|Platforms:||PC, PlayStation, SEGA Saturn, SNES|
|Genres:||Sport / Football|
|Game Modes:||Singleplayer / Multiplayer|
A lot of the effort that went into FIFA 97 was directed at upgrading the visuals. The 3D motion captured, texture-mapped players are lovely to observe, as are the panning and rotating camera you employ during replays. Visually, FIFA 97 really is a semi-modern 3D FIFA game.
Plus I do enjoy the aggressive sounds of the raucous music and the crazy fans. And of course, the bevy of slick sim features that are key to the FIFA franchise, always satisfy. What would a FIFA game be without thousands of real life players; hundreds of teams (255 in 12 international leagues); true league rules and strategies; play-by-play commentary; and assorted environmental conditions? Additions like everybody playing being able to decide their own individual difficulty level, indoor matches, and a new animation process that EA has dubbed “Motion Blending”, have all combined to make the game highly marketable.

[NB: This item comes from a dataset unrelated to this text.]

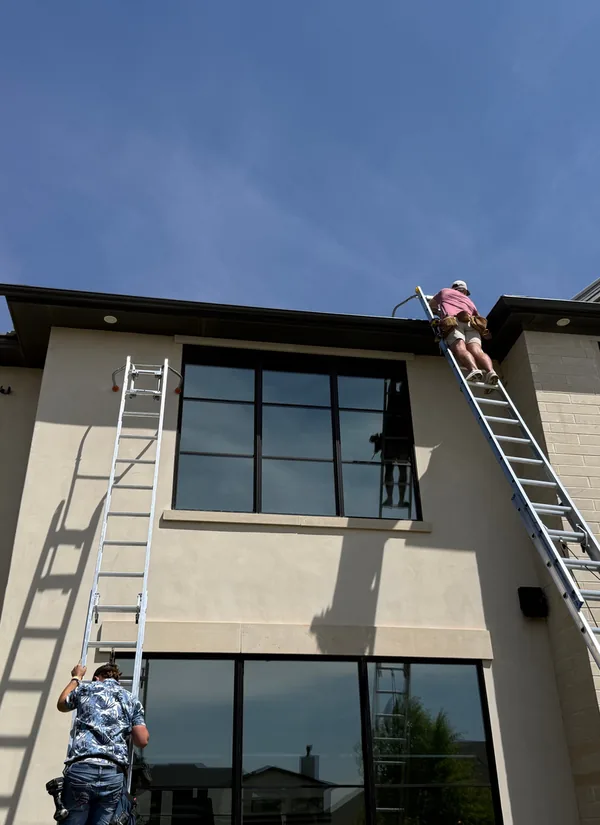 Two Premier crew members on tall ladders at the roofline of a two-storey home with large black windows, under a blue sky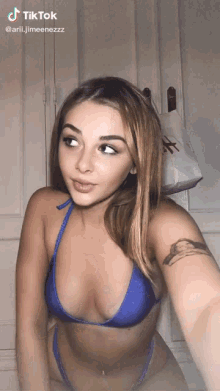a woman in a blue bikini is taking a selfie with tiktok written above her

You can do all the standard customizations in FIFA ’97. You can pick a strategy for your team, from “Defend Agressively” to “Attack.” If you’re politically inclined, you can take control of the Republic of Ireland and trade all your IRA members to Southampton. Or you could build a team packed with the world’s best center-forwards and run everybody’s pants off. You can control your view of the pitch, your starting lineup … like I said: all the standard stuff.
But it’s when you actually begin trying to direct your players in competition against the computer that the game starts showing its weaker points. Part of why this is a problem is due to the great deal of stuff going on everywhere.
No PC soccer game has yet achieved complete success in recreating the intricate and varied movements possible in a soccer match in a way that is easily controllable with a keyboard, but FIFA 97 adds two control methods in this regard – simple and complex. Tha latter features something called passback mode, which allows you to control an offensive players other than the ball handler. Overall, FIFA 97 holds an advantage over competing games, with fluid gameplay, a variety of play modes, better roster size and better multiplayer.